Kodierer [Coder]: Mango

Showing posts with label Mango. Show all posts

Thursday, January 5, 2012

SLARToolkit Samples Updated

The samples of my open source Windows Phone and Silverlight Augmented Reality Toolkit were updated to the latest version of the WP 7.1 and Silverlight 5 SDKs.
Please note the changed security model in Silverlight 5, which is a big bummer. My Silverlight MVP friend Morten wrote a few true words about it here.
As usual you can find a list of the samples on the project site and also get the code there.

Friday, May 27, 2011

Nodo vs Mango - Windows Phone ListBox Performance Improvements in Action

There were quite a few complaints about the Windows Phone's ListBox scrolling performance in the past.

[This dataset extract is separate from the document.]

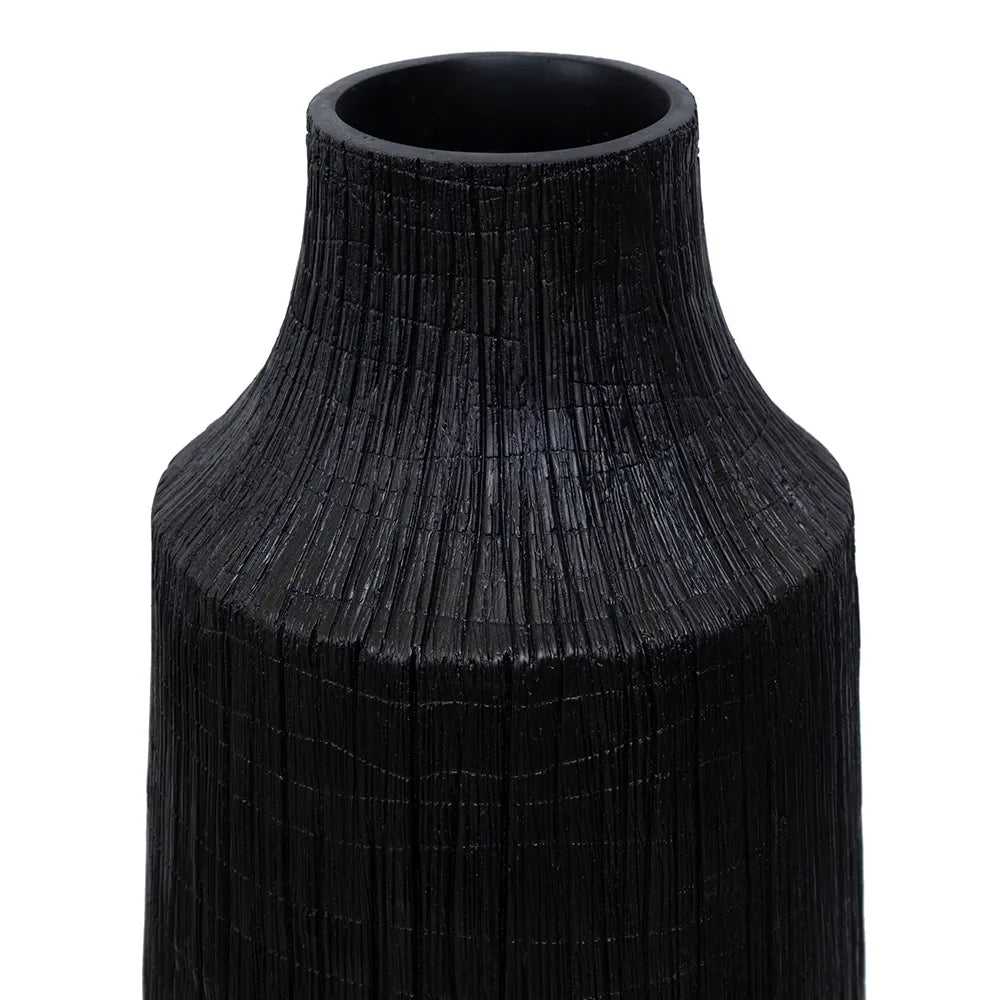 Bond Vase Small (Black)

The Windows Phone team obviously heard it and heavily worked on the performance and responsiveness of the whole platform and the ListBox in particular. The touch input processing was loaded off from the UI thread to a new separate thread. Additionally the BitmapImage doesn't load the data on the UI thread anymore. I'm sure lots of other tweaks were implemented to increase the performance and the responsiveness of the platform. I think the Windows Phone team did a very good job!

Showdown

The video below shows a side-by-side comparison of a Nodo device with build 7392 and a prototype device with a Mango prebuild. The Nodo device on the left side is a Samsung Omnia 7, the Mango device on the right side is the ASUS prototype.

For comparison I use the official Twitter app build against 7.0 and in the second half of the video I show the effects preview list of my Pictures Lab app. This effects pivot item only uses a ListBox with a DataTemplate that contains an Image control with a fixed size and a TextBox for each item. So there's no background image loading being performed or any other heavy computing, just a static list with a lot of redrawing.

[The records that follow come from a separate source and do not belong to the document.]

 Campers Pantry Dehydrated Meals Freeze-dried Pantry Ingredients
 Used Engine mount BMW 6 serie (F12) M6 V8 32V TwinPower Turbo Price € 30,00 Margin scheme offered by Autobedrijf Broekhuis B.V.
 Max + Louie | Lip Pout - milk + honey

Background music is Taiga by SMILETRON

As you can see, it's quite a huge difference and even this Mango prebuild runs very smooth on this rather old ASUS hardware. There's still some room left for more improvement, like the rasterizer, but imagine the boost on production devices with the final Mango version.

MANGO, MANGO, MANGO!

I don't have a deal with Microsoft or are paid to blog or tweet this. I'm just exited about all the goodies that are coming with Mango. Good times.

Wednesday, May 25, 2011

Why is a Y in the Windows Phone Mango Camera API

The release of the new Mango tools brings Windows Phone development on par with Silverlight 4 and will therefore add many great features to the Windows Phone platform. This means it will also contain the Webcam CaptureSource and VideoSink API from Silverlight 4. Additionally it also introduces the new FileSink class which can be used to record the video stream as MP4 to the Isolated Storage. Most important a new PhotoCamera class with a lot of functionality is present in Mango.
This class is used in the latest SLARToolkit Windows Phone sample and in some other new projects I'm working on.

Don't Reinvent the Wheel
The Silverlight 4 webcam API was explained in this detailed blog post almost a year ago. The techniques and concepts I described there can now also be used with Windows Phone Mango.
The updated MSDN documentation has quite a few articles and samples about the new camera API. My MVP buddy Alex Golesh also has a nice write up about the new Camera API.
This blog post tries to fill the gaps and provides some information especially about the PhotoCamera's YCrCb capture methods.

YCbCr vs ARGB
In the well-known RGB color space the red, green and blue information is stored in separate components which also contains the redundant luminance data for each channel. In the YCbCr color space (or YCrCb) the luminance information is stored in the Y component and the chroma (color) information in the Cb component as blue-difference and in Cr component as red-difference. The RGB-YCbCr conversion can be done with simple addition and multiplication operations. The Y component usually ranges from 0 to 1, Cb and Cr from -0.5 to 0.5.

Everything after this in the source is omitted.